3. Diagnosis and Treatment of the Disease

  1. The initial symptoms of the disease may be overlooked or mistaken by the patient because of their similarity to those of flu and because they may in any case be mild. Even if the patient consults a doctor and particularly if the patient has a 'clean' occupation, the symptoms may still be mistaken for those of flu and the possibility of leptospirosis overlooked by the doctor.

  2. It is therefore essential that any individual who experiences any of the initial symptoms, after any activity during which they may have been infected and within the incubation period, must consult a doctor and specifically tell the doctor of the possibility of a leptospiral infection.

    It is vital, in terms of the FSC's Safety Management System [see section 5 of this Appendix], that all visitors who undertake any activity during which they may come in contact with a source of infection, are made aware of this position. In the case of young persons, this specific advice must also be given in / included in any general advice and information on the disease provided, in writing, to group organisers and the parents / guardians of the young people.

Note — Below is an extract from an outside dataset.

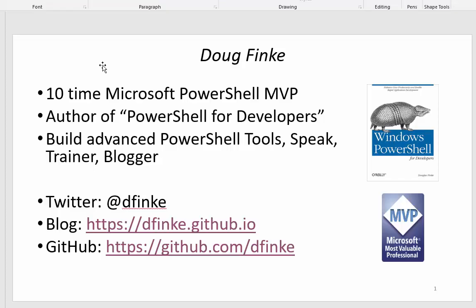Hey everybody, Doug Fink here. I want to take you through a module I wrote for PowerShell called Convert from Markdown.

  3. Diagnosis of the disease is confirmed by laboratory blood tests. Blood samples should be sent directly to the Leptospira Reference Unit [See section 6 of this Appendix for address] where they will be tested within 24 hours. Testing by laboratories at a local hospital is not advised because this may take undue time. It must however be noted that the test will only become positive after about the 6th day of illness and should only be used for confirming an initial clinical diagnosis and not for the purposes of deciding whether or not to commence treatment.

  4. Treatment of the disease at this stage is relatively straight forward [using antibiotics] and effective. The bacteria are still multiplying within the body and the treatment kills the bacteria, thus preventing further multiplication

  5. Treatment, once the secondary symptoms have developed, is more complicated and difficult. By this stage, bacterial growth has been enormous and the dead, solid remains of the bacteria and their action on the body can cause kidney failure [hence decline in urine production and jaundice] and internal bleeding [hence the skin bruising]. Whilst further bacterial multiplication can be prevented by antibiotics, it is the rectification of the kidney failure [and its associated complications] and the internal bleeding which presents the medical difficulties.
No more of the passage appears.